---- PROVIDED DATA

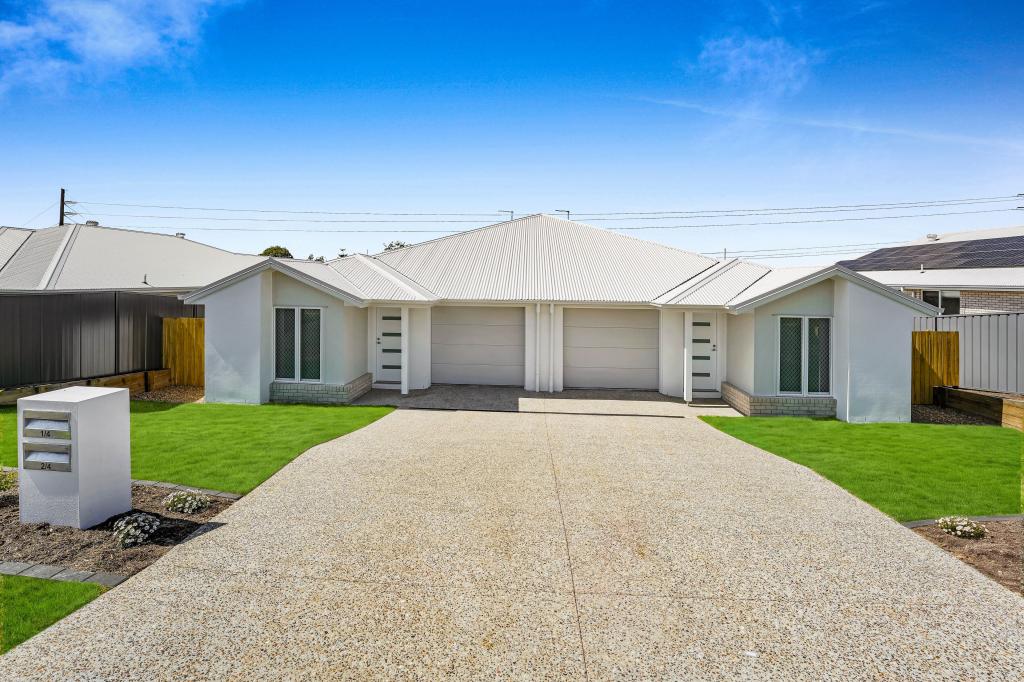 2/4 North St, Jimboomba, QLD 4280
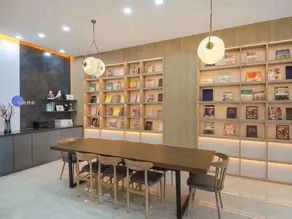 Hanting Hotel (Jinan Jiyang Jibei Park) - Image 4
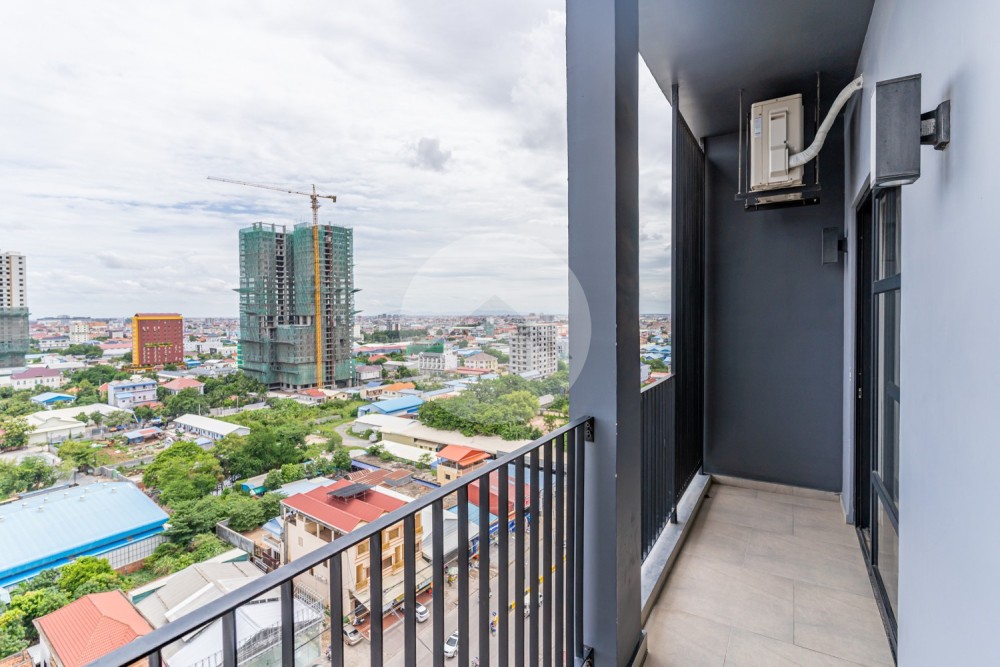 15th Floor 2 Bedroom Condo For Sale - Urban Loft, Phom Penh Thmey, Phnom Penh - Image 22 15th Floor 2 Bedroom Condo For Sale - Urban Loft, Phom Penh Thmey, Phnom Penh - Image 22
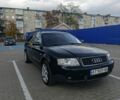 Зелений Ауді А6, об'ємом двигуна 2 л та пробігом 204 тис. км за 4500 $, фото 1 на Automoto.ua
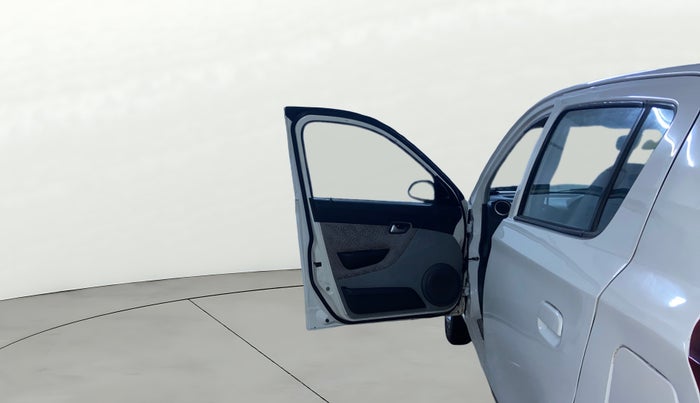 2017 Maruti Alto 800 LXI, Petrol, Manual, 82,817 km, LHS Front Door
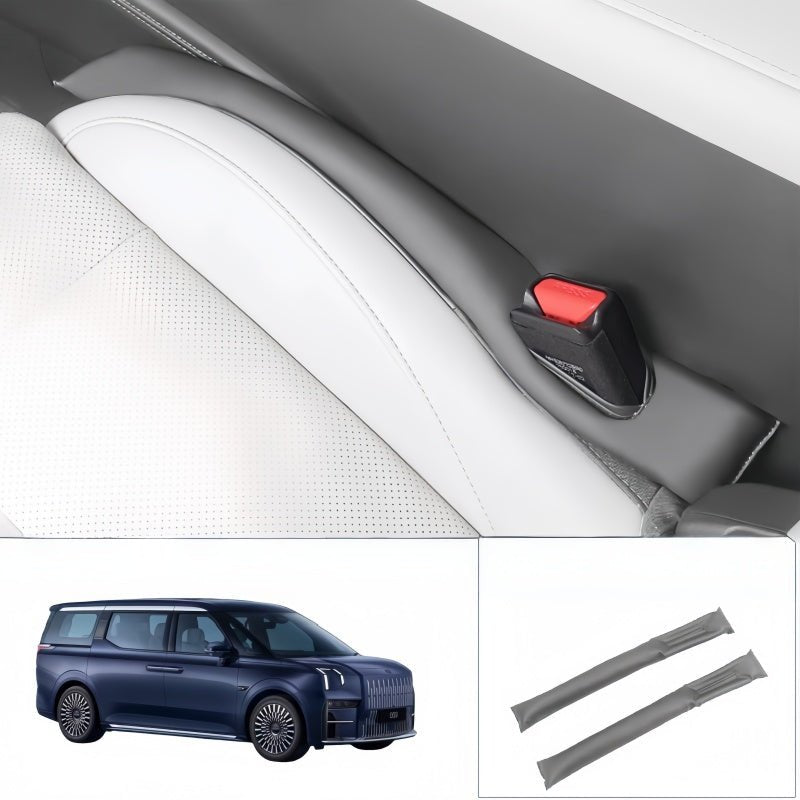 Leather Seat Gap Stopper for Zeekr (2 Pcs) - NICE EVS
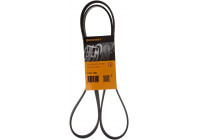 Courroie trapézoïdale à nervures 5PK1592 Contitech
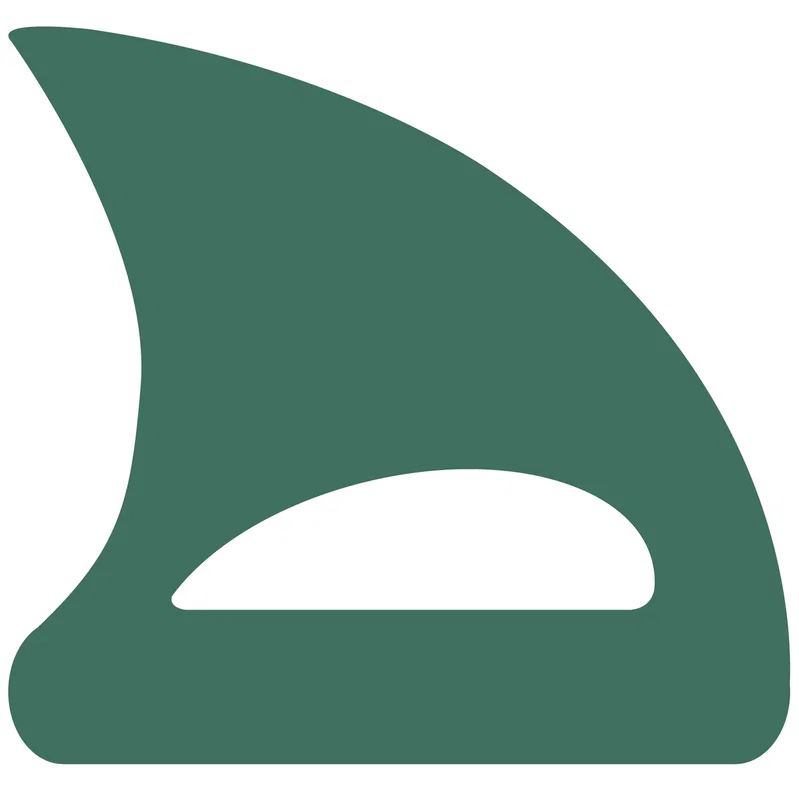 Shark Fin Hat — view 11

--------

◆ WHAT YOU HAVE TO DO ◆
The lines to copy begin at the one containing "Hanting Hotel (Jinan" and end at the last line of the records. Set down exactly those lines and no others, both ends included, and omit all pictures.

◆ FINISHED TASK ◆
 Hanting Hotel (Jinan Jiyang Jibei Park) - Image 4
 15th Floor 2 Bedroom Condo For Sale - Urban Loft, Phom Penh Thmey, Phnom Penh - Image 22 15th Floor 2 Bedroom Condo For Sale - Urban Loft, Phom Penh Thmey, Phnom Penh - Image 22
 Зелений Ауді А6, об'ємом двигуна 2 л та пробігом 204 тис. км за 4500 $, фото 1 на Automoto.ua
 2017 Maruti Alto 800 LXI, Petrol, Manual, 82,817 km, LHS Front Door
 Leather Seat Gap Stopper for Zeekr (2 Pcs) - NICE EVS
 Courroie trapézoïdale à nervures 5PK1592 Contitech
 Shark Fin Hat — view 11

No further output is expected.